So I wake up and shake sleep from my hair and throw on some crumpled clothes. Mum eyes me askance. "You didn't iron that." Then she shrugs philosophically. At least I'm up and that's saying something.

Chubs, who has been shaken out of sleep is also grumpy. I come down to greet the two doggies. I don't understand why Elliot is looking so worried (I realise later that he thinks I'm leaving already - poor Elliot, his life is so full of uncertainty, we come, we go, and he remains tied up).

Anyway we arrive at Kerala Restaurant too late for the appam. Uncle Joe is sitting at his accustomed place at the cash register looking placid. He smiles and nods. We order roti canai instead. And mutton curry. The mutton curry arrives sans mutton. Apparently they don't have the ones that have been chopped up small small. Bru Coffees all round. Mum glances at her watch and mentally calculates what time we can call Jackie to wish her. It's her birthday. I'm hoping that she has received all the cards by now.

Then it's off to Pasar Tani. Chubs stops near the rickety stairs. He's gonna stay in the car and read his PG Wodehouse. I am going to follow Mum and be the pack horse. I look around trying to take note of this pageant around me. Two people quote higher prices than what is written on the cards and Mum bristles up in conscious reproof. The vegetable ladies are grumpy. The fruit guys are jovial. One old fruit guy offers me a slice of jackfruit. It is very very sweet and soon my fingers are sticky with juice.

"Alamak, mak mertua lalu belakang tak nampak." (roughly translated: your mother-in-law has just passed behind you, you didn't see her)

I stare at the man in surprise. "Sorry?"

Apparently it is a pepatah Melayu (Malay saying). I'm not sure if the saying has to do with eating jackfruit, or sweet fruit, or sticky fruit and forebear to ask. I am allergic to mothers-in-law, imaginary or otherwise.

Being a lazy child, not interested in lugging around a lot of heavy plastic bags I make frequent trips to the car where Chubs is relaxing, seat back, reading his Wodehouse and listening to the radio (some things never change).

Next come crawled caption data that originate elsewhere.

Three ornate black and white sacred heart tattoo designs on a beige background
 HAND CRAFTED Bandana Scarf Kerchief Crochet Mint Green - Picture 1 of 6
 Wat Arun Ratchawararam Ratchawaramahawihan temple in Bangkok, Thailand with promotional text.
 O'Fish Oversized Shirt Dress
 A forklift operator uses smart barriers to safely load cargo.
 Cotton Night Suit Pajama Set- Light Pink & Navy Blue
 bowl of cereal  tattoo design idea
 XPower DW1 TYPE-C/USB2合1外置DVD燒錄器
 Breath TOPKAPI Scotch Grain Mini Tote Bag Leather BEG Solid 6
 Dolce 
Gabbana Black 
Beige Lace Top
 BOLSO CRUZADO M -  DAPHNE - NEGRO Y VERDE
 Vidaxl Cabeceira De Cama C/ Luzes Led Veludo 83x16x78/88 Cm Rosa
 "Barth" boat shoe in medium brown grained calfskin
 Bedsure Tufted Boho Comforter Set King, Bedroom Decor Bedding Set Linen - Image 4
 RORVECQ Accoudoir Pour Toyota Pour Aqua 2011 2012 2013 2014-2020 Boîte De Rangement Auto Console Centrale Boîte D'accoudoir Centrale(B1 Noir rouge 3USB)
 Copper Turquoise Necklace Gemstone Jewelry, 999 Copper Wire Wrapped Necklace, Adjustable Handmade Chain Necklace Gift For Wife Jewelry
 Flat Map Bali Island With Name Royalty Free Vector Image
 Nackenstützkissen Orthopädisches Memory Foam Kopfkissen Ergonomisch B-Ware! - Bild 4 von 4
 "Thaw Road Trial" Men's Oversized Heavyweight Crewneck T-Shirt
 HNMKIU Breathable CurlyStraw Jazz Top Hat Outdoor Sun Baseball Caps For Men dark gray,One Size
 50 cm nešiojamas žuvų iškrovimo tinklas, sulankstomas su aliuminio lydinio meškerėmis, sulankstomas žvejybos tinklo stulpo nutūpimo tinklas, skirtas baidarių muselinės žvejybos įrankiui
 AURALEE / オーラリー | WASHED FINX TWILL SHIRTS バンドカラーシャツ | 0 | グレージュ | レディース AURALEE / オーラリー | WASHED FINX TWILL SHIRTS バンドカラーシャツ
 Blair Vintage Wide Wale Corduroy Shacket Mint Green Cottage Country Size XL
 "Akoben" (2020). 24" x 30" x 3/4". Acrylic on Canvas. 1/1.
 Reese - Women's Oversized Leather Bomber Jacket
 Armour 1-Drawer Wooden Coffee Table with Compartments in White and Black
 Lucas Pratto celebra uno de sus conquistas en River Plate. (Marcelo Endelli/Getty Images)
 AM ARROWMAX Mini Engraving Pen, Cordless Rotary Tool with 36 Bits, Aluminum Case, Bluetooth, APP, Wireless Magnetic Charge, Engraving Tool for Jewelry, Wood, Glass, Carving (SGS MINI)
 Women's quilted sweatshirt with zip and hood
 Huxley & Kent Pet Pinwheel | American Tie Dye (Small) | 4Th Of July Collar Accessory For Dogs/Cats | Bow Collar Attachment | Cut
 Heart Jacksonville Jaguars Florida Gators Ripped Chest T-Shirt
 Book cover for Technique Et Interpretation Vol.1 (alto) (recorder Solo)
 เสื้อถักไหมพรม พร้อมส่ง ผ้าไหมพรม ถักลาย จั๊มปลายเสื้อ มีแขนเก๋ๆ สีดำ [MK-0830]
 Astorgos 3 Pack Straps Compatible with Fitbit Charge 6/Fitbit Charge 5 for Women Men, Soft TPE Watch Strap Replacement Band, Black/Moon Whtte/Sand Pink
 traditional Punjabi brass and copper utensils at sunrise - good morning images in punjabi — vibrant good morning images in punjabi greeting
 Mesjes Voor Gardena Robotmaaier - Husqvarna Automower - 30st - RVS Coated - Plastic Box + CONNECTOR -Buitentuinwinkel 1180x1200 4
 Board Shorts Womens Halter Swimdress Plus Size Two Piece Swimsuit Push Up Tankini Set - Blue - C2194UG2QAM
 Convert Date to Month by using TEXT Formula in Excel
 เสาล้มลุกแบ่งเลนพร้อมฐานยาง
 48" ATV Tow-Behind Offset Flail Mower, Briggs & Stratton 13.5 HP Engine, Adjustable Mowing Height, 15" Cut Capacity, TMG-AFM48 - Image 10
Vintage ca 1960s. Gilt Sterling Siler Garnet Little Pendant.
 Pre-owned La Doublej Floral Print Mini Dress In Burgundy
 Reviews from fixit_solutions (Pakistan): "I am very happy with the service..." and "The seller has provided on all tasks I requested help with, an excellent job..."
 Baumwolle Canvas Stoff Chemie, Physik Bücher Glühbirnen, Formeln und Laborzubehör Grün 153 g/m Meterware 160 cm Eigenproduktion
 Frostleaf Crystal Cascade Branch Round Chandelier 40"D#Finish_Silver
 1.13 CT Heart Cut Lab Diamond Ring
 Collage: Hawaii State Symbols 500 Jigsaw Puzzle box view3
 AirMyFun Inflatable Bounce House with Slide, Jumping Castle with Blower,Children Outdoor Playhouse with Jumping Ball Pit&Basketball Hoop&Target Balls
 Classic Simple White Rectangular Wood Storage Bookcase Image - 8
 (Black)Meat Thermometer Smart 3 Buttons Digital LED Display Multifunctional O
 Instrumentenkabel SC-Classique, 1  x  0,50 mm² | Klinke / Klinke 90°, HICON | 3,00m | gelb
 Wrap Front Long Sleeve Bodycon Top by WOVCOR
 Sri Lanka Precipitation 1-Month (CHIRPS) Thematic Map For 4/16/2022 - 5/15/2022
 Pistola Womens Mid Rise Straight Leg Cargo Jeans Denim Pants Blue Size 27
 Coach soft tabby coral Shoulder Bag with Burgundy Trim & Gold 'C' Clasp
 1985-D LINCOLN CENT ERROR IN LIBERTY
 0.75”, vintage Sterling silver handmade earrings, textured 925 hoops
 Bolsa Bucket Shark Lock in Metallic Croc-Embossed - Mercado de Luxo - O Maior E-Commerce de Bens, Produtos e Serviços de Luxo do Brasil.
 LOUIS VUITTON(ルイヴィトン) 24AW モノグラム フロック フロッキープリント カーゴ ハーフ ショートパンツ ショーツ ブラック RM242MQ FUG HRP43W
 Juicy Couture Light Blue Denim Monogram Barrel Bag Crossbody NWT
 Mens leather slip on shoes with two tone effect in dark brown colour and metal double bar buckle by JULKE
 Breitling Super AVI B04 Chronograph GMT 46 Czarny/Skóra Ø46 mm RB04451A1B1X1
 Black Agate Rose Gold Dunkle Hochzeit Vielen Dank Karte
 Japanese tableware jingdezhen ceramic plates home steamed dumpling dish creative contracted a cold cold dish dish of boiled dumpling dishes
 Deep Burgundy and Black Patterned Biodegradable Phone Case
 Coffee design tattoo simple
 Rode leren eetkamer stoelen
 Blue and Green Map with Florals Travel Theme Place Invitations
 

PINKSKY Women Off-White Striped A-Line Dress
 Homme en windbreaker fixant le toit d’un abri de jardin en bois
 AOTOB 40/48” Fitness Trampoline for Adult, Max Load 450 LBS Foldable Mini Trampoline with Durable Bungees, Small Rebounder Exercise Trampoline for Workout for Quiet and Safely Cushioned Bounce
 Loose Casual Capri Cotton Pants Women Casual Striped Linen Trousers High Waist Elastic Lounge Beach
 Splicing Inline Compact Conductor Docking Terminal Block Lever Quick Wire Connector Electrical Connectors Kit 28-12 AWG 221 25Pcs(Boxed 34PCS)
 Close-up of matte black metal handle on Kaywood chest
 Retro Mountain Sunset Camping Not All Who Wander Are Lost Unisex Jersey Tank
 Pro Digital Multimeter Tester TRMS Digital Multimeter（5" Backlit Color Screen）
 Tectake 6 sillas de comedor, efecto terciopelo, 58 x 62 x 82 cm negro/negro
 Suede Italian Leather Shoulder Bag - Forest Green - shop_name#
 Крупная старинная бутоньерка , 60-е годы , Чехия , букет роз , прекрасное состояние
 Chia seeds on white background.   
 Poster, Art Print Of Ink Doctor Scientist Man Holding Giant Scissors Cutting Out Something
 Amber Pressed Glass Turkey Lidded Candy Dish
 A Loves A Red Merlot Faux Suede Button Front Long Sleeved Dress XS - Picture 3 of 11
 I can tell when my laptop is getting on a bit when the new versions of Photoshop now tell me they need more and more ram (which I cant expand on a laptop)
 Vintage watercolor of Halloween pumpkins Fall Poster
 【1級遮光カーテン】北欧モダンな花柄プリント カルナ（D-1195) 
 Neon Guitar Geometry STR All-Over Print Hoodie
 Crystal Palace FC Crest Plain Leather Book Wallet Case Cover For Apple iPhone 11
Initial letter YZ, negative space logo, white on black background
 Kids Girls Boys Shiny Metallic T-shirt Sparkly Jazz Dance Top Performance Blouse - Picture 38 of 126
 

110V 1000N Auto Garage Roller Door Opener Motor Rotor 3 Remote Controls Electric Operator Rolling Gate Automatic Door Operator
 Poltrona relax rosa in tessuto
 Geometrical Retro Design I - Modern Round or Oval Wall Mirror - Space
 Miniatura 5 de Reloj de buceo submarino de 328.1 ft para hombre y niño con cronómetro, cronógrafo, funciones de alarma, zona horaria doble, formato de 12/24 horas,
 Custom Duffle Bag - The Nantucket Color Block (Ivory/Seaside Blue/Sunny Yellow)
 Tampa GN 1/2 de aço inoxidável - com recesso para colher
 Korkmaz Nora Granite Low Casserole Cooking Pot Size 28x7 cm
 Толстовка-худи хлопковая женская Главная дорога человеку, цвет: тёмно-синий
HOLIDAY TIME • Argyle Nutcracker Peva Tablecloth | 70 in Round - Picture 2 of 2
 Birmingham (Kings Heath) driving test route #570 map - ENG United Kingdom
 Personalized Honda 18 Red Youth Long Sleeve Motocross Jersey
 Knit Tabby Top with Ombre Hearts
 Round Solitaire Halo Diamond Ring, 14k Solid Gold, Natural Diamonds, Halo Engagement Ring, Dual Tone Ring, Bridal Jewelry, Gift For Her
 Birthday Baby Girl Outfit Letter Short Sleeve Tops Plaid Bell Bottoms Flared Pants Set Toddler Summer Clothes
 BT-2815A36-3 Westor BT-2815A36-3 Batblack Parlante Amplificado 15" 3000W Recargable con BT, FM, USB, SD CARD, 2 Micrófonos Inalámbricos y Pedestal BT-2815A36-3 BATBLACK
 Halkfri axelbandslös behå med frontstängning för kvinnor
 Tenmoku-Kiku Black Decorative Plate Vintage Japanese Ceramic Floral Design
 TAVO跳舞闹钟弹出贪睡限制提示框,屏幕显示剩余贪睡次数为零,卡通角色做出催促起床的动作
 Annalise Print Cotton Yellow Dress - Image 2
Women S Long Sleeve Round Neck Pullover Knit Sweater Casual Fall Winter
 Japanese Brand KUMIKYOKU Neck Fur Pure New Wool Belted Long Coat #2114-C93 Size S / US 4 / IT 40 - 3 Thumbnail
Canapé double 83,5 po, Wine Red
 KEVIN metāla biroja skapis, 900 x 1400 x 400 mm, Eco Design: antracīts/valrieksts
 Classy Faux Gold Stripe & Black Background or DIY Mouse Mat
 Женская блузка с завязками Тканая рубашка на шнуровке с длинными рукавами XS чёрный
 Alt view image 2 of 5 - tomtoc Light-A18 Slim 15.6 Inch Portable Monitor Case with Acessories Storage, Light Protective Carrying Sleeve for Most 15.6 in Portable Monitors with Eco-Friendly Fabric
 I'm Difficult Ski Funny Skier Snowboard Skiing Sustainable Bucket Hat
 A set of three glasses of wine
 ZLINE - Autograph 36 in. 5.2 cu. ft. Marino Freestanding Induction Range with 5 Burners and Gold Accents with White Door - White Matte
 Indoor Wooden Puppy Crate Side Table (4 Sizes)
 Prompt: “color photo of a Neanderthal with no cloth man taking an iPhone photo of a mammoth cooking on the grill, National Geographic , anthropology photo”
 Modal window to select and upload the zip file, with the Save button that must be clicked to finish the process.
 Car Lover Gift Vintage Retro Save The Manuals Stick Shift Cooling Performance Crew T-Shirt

Finally, all the marketing is done and Mums has arrived at her plants stall. This signals the end of or Pasar Tani trip. Her mouth opens slightly and her eyes zone out into her junkie look. (some things really never change)

Then I think, OK we're off home. But it is not to be. Mum doesn't get a chance to run her errands often, what with Chubs busy with peak period at the office and all (altho I did tell her I'd be back for a week this time, which means we could spread them out), so she wants to go to the Post Office to pay a bill. And stop along the way to buy bread. Lack of sleep is starting to get to me and I feel myself getting grumpy.

But Mums says - go get your refund (the car petrol hike refund thingy) and I say, aiya dowanlar...and Chubs says, you'd better, after all, they reduced petrol prices today, so they may take this off. So I go, pay the bill and get my refund (it takes all of five minutes, for which I am pleasantly surprised) and then finally, finally we make our way home.

Time to shower and sleep. Except that I need to get on the net to check my Facebook and email. Mum looks at me and shakes her head: "You are addicted, aren't you?"

I nod, eyes riveted on the screen.

For sure.

Say What You Need To Say

Even if your hands are shaking
And your faith is broken
Even as the eyes are closing
Do it with a heart wide open

Say what you need to say...


I'm back home in JB. Took a slow drive and calmed down. I am a child of highways, the road soothes me, it lulls me into a meditative peace. I need to drive alone. I need to switch off the phone and just be alone with my thoughts for a while.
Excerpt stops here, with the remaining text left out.